ACTIVITY ::
Copy all of the data below without altering a single line.

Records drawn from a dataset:
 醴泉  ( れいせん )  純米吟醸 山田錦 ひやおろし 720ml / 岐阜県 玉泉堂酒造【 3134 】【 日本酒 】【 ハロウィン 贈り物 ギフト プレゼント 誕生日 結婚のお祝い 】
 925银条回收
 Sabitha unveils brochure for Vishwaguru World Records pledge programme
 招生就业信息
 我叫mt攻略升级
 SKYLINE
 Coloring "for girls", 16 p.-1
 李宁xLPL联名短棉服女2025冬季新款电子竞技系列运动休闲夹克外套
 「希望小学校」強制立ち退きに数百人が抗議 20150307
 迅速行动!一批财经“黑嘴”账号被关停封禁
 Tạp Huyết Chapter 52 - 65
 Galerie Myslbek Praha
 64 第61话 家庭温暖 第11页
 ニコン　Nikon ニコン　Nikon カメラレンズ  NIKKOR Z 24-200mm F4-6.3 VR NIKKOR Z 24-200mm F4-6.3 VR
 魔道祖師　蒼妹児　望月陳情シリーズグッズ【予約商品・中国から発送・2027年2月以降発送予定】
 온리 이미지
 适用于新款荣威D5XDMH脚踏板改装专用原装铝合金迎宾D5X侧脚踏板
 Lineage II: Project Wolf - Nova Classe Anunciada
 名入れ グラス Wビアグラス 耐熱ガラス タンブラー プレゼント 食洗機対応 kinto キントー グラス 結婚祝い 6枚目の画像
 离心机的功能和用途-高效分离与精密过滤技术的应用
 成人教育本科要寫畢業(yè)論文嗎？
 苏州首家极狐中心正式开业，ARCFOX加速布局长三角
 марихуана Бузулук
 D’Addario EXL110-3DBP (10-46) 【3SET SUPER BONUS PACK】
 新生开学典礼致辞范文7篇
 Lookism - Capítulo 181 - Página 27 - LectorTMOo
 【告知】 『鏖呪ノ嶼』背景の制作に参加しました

TASK RESULT ::
 醴泉  ( れいせん )  純米吟醸 山田錦 ひやおろし 720ml / 岐阜県 玉泉堂酒造【 3134 】【 日本酒 】【 ハロウィン 贈り物 ギフト プレゼント 誕生日 結婚のお祝い 】
 925银条回收
 Sabitha unveils brochure for Vishwaguru World Records pledge programme
 招生就业信息
 我叫mt攻略升级
 SKYLINE
 Coloring "for girls", 16 p.-1
 李宁xLPL联名短棉服女2025冬季新款电子竞技系列运动休闲夹克外套
 「希望小学校」強制立ち退きに数百人が抗議 20150307
 迅速行动!一批财经“黑嘴”账号被关停封禁
 Tạp Huyết Chapter 52 - 65
 Galerie Myslbek Praha
 64 第61话 家庭温暖 第11页
 ニコン　Nikon ニコン　Nikon カメラレンズ  NIKKOR Z 24-200mm F4-6.3 VR NIKKOR Z 24-200mm F4-6.3 VR
 魔道祖師　蒼妹児　望月陳情シリーズグッズ【予約商品・中国から発送・2027年2月以降発送予定】
 온리 이미지
 适用于新款荣威D5XDMH脚踏板改装专用原装铝合金迎宾D5X侧脚踏板
 Lineage II: Project Wolf - Nova Classe Anunciada
 名入れ グラス Wビアグラス 耐熱ガラス タンブラー プレゼント 食洗機対応 kinto キントー グラス 結婚祝い 6枚目の画像
 离心机的功能和用途-高效分离与精密过滤技术的应用
 成人教育本科要寫畢業(yè)論文嗎？
 苏州首家极狐中心正式开业，ARCFOX加速布局长三角
 марихуана Бузулук
 D’Addario EXL110-3DBP (10-46) 【3SET SUPER BONUS PACK】
 新生开学典礼致辞范文7篇
 Lookism - Capítulo 181 - Página 27 - LectorTMOo
 【告知】 『鏖呪ノ嶼』背景の制作に参加しました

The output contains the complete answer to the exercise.